Tuesday, April 02, 2013

The White Supremacist Group That May Be Targeting Law Enforcement For Revenge

From Think Progress courtesy of a facebook friend:

In October, a major effort by federal, state and local law enforcement landed 34 alleged Aryan Brotherhood members, including four top bosses, in prison. Members were accused of issuing kill orders on rival gangs, attempted murder, kidnapping, assault, drug dealing, weapons trafficking, arson and counterfeiting. 

Texas law enforcement was warned in December that ABT leaders were “issuing orders to inflict ‘mass casualties or death’ to law enforcement officials who were involved in cases where Aryan Brotherhood of Texas are facing life sentences or the death penalty.” According to the Texas Department of Public Safety, the group was also “conducting surveillance on law enforcement officers.”

Soon after the warning was issued, Kaufman County assistant district attorney Mark Hasse was shot and killed in the parking lot of the Kaufman County courthouse in broad daylight. After the shooting, District Attorney Mike McLelland reportedly carried a gun everywhere, while a constant security watch guarded his house for a month.
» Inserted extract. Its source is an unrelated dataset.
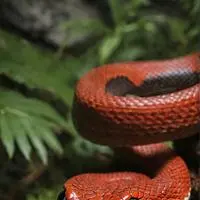 chat with ai character: Bitzy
McLelland was killed on Saturday by an unknown assassin with an assault rifle. 

More here.

So, of course, the overall news media take on this, and so far this includes the scant amount of left-wing coverage I've seen on the story, is that there's an evil racist prison gang out there doing terrible and evil stuff.  And, needless to say, that appears to be entirely accurate.  But it's just not the whole story.

There very likely wouldn't be any racist prison gangs if prison wardens didn't encourage racial animosity behind bars.  It's pretty well documented at this point that wardens across the nation, in order to deal with overcrowded and understaffed situations, have adopted a sort of divide and conquer strategy for the purpose of maintaining order overall: if the blacks are fighting the whites, there's necessarily less time and energy left to fight guards.  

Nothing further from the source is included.